Yoga is an aligned system of breathing, exercise, and meditation. In addition to other health benefits, research shows that yoga can help improve sleep.
Practicing a short, basic sequence of restorative yoga poses just before bed can be a great way to wind down from a busy day, easing tension and relaxing your body so that you can sleep more peacefully on a regular basis.
Consult with your healthcare provider before starting a new exercise program, especially if you are pregnant or have a serious health condition.
A Word From Verywell
While yoga can be a great addition to your daily exercise and mindfulness routine, it’s not a substitute for other medical treatments. If you’ve already been diagnosed with a sleep disorder, or if you’ve recently started experiencing chronic sleep issues, consider checking with a healthcare provider to make sure this practice is right for you. Sleep disorders can sometimes be a sign of another underlying health condition, so getting appropriate medical treatment, if possible, is a priority before adding to your exercise regimen.

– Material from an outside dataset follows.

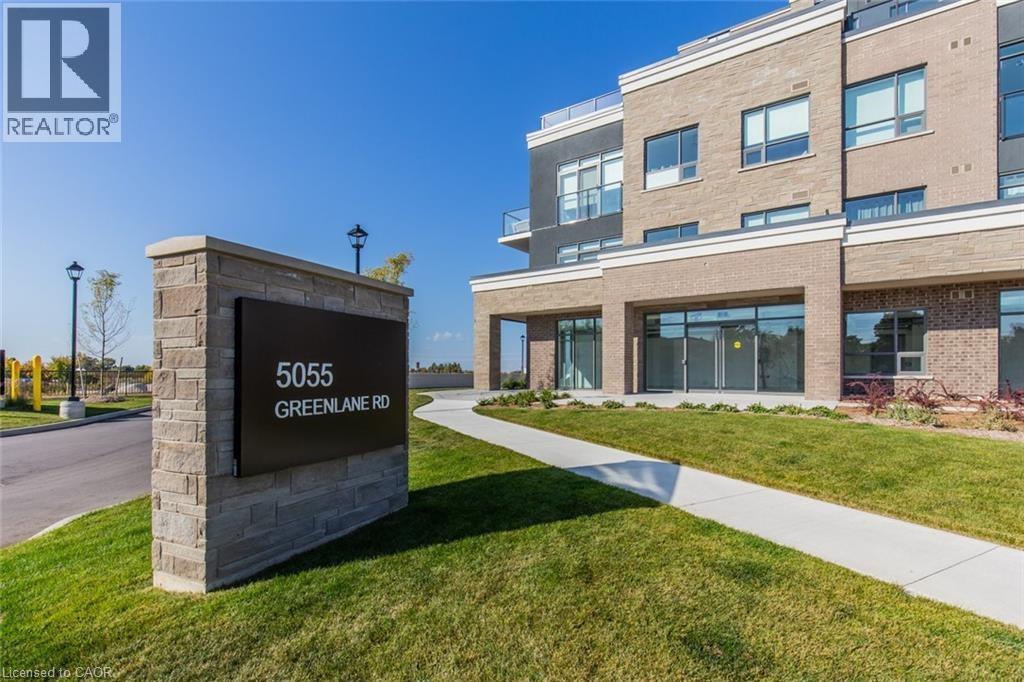 A sign for 5055 Greenlane Rd is in front of a building.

Frequently Asked Questions
What is hot yoga?
Hot yoga (or bikram yoga) is an intense vinyasa flow. It traditionally involves a 90-minute series of 26 poses in a room that’s heated anywhere from 95°F to 100°F. The goal is to warm and stretch the body, “detoxifying” through sweat. Check with a healthcare provider if you have questions about starting any exercise that involves extreme temperatures.
Where did yoga originate?
Yoga is an ancient practice that originated in India thousands of years ago. Rooted in Indian philosophy, yoga began as a spiritual practice but has also become a way of promoting physical and mental well-being.
How do you clean a yoga mat?
Exercise surfaces like yoga mats can be breeding grounds for bacteria.
Experts recommend using a clean towel to wipe off the mat first, moving in one direction and covering both sides. You can then use a disinfectant spray or wipe to sanitize. Yoga mat materials can vary, so you might want to check disinfectant product recommendations from the manufacturer.
How many calories does yoga burn?
The number of calories a person burns during exercise depends on a number of factors, including weight, heart rate, age, and sex. You may expect to burn more calories during a Vinyasa-style yoga class vs. a slower-paced Hatha yoga class. Check a wearable fitness tracker for a more precise estimate, and remember that yoga’s benefits extend beyond the caloric burn.